ENERGY
Mongolia has a huge potential to export renewable electricity across Northern Asia. According to the ‘Renewables Readiness Assessment: Mongolia’ from the International Renewable Energy Agency (“IRENA”), Mongolia’s mostly untapped renewable resources could be used to kick-start a major cross border power corridor between Russia, Mongolia, China, South Korea and Japan. Mongolia’s Gobi Desert has a vast renewable energy potential of 2.6TW.
Mongolia’s current power generation capacity is currently made up of just 7% from renewables and the government set a target of 20% renewables by 2023 and 30% by 2030. Mongolia’s parliament recently adopted broad measures aimed at future sustainability including the Green Development Policy and the Law on Energy Conservation and Efficiency. The new law enables Mongolia to provide energy security and reliability.
Wind Power
- Mongolia has potential to become one of the major wind power producers.
- 10% of the total land area can be classified as excellent for utility scale applications, Power density 40—600W/m2, the resource could potentially supply over 1100 GW of installed capacity.
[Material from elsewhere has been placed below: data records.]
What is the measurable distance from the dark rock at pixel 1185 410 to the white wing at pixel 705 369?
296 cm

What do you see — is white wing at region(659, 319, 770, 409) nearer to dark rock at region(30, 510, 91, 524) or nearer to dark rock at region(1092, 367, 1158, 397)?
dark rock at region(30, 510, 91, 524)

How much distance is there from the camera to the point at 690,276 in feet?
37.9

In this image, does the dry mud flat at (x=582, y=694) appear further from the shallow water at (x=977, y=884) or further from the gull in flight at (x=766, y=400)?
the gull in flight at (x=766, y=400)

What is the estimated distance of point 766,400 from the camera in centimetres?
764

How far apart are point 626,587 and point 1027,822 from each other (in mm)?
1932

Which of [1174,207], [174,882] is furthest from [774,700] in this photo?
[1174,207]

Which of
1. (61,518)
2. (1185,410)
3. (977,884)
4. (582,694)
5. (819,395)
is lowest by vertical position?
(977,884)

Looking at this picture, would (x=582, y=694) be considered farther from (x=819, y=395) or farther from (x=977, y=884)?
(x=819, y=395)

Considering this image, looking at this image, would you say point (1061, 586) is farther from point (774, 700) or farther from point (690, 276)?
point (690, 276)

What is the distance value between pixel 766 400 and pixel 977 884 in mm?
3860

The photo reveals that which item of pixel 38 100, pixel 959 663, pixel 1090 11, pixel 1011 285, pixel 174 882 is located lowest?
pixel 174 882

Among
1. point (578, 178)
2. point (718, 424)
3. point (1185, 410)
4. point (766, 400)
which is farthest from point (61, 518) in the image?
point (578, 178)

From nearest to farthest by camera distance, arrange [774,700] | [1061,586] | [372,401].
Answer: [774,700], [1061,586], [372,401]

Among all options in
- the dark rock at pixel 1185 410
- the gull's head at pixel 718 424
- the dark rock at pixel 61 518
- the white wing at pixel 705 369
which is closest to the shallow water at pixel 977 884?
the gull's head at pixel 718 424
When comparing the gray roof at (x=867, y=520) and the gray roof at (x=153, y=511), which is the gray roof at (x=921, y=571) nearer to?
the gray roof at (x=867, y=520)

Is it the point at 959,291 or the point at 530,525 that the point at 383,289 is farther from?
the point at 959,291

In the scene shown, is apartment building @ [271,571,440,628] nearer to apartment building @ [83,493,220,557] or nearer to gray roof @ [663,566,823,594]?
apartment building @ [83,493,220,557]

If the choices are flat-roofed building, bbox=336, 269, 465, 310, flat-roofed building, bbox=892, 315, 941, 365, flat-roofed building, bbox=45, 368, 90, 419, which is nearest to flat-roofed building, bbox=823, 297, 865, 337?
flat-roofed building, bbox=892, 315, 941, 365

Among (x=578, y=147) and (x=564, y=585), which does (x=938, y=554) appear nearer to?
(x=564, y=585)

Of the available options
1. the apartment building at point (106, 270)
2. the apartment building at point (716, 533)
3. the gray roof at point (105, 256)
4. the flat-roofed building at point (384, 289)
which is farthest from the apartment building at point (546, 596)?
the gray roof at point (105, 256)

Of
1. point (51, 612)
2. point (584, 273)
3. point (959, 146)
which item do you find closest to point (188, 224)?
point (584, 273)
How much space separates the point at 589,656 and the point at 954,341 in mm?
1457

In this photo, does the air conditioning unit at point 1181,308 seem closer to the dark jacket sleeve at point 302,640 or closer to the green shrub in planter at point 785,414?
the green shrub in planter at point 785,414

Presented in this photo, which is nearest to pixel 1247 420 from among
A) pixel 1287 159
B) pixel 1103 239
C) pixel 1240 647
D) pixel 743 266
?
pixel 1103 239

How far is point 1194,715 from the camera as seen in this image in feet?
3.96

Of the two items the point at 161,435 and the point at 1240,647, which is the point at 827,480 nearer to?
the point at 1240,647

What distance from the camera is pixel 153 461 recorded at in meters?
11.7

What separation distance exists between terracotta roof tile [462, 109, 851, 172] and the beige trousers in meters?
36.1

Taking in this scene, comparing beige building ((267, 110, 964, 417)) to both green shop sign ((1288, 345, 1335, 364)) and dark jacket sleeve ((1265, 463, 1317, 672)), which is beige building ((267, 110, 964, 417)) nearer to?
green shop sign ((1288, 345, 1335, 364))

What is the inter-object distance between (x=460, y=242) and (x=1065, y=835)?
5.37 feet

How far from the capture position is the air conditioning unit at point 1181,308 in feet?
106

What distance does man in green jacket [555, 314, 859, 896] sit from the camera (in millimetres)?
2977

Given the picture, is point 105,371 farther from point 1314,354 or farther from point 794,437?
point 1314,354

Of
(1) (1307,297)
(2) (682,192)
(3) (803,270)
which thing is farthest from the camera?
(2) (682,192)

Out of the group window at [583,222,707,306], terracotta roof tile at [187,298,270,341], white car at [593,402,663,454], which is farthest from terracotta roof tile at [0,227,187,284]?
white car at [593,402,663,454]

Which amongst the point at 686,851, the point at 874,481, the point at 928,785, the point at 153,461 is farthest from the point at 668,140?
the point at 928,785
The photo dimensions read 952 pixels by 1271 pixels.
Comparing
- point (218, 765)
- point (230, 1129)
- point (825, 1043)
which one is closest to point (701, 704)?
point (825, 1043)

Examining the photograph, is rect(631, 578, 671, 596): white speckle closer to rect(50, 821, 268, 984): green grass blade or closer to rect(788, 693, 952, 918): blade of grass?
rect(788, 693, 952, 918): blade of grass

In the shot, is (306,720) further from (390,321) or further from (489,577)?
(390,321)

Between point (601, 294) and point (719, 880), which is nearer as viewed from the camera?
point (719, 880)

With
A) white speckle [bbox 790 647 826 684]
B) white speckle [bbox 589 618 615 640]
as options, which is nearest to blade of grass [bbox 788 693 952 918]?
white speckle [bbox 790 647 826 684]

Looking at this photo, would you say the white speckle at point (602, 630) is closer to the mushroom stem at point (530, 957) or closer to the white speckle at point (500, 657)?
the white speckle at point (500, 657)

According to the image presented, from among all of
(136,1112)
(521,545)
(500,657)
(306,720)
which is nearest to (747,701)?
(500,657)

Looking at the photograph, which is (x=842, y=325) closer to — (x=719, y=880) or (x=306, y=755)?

Wind power classification of Good-to-Excellent wind power resources are equivalent to 1,113,300 MW of wind electric
Solar Energy
- About 270-300 sunny days per year with an average sunlight duration of 2,250-3,300 hours are available in most regions of Mongolia. Annual average amount of solar energy is 1,400 kWh/ m2 with solar intensity of 4.3-4.7 kWh/m2 per day.
Hydro Power
- There are 3800 small and big streams and rivers in our country, which could support up to 6417.7 MW of power and deliver 56.2 billion kWh of electric energy annually. • Theoretical potential 6.2GW, more than 1 GW of these has been identified.